I don't wanna be alone
I don't wanna be here baby
I know that you drive me crazy
Leave me alone
I don't want you in my life
All you bring is pain and depression on my mind
I need patience
Just to make it
Through the day I waited ages
I know that you're feeling blue
I can see right through you
No one's gonna get that but me and you
Don't ever get attached
Cause nothing lasts forever
You make me lose control
When I think bout you
I think I'll be fine
I'm running out of time
Might feel better when I die
Got some problems in my brain
I think I'm just insane
Every day feels the same
I just need to find my peace
But there's nothing helping me
All these bitches want my money they don't want my love
Shawty why she calling
Already told her I don't wanna talk
That bitch is making me so sick that I just wanna fucking die
I just be feeling down when that bitch is in my head
I just wanna get rid off her coz she making me kill myself
The lyrics to Mikey and the Drags's song "Don't Be Shy" delve deep into themes of loneliness, heartache, and mental health struggles. The repetition of "I don't know hey" underscores the uncertainty and confusion the singer feels about their own feelings and situation. The repetition also creates a sense of internal turmoil and contemplation.
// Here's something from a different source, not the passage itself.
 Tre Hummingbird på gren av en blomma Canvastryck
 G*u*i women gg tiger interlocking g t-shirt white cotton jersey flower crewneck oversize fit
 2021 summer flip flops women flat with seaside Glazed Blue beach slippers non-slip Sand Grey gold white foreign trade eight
The line "My heart is fucked up, it hurts sometimes" reveals the singer's emotional pain and vulnerability. Despite trying to convince themselves that "it's fine," they acknowledge feeling numb and screaming for help. The plea for someone to stay and not go away highlights their fear of being alone and the desperate need for companionship and connection.
The lyrics express a conflicting desire for company and a fear of attachment. The singer acknowledges that the person in their life brings pain and depression, yet they also reveal their struggle to let go and be alone. This internal struggle is further reflected in the line "All these bitches want my money, they don't want my love," suggesting a sense of loneliness and betrayal in their relationships.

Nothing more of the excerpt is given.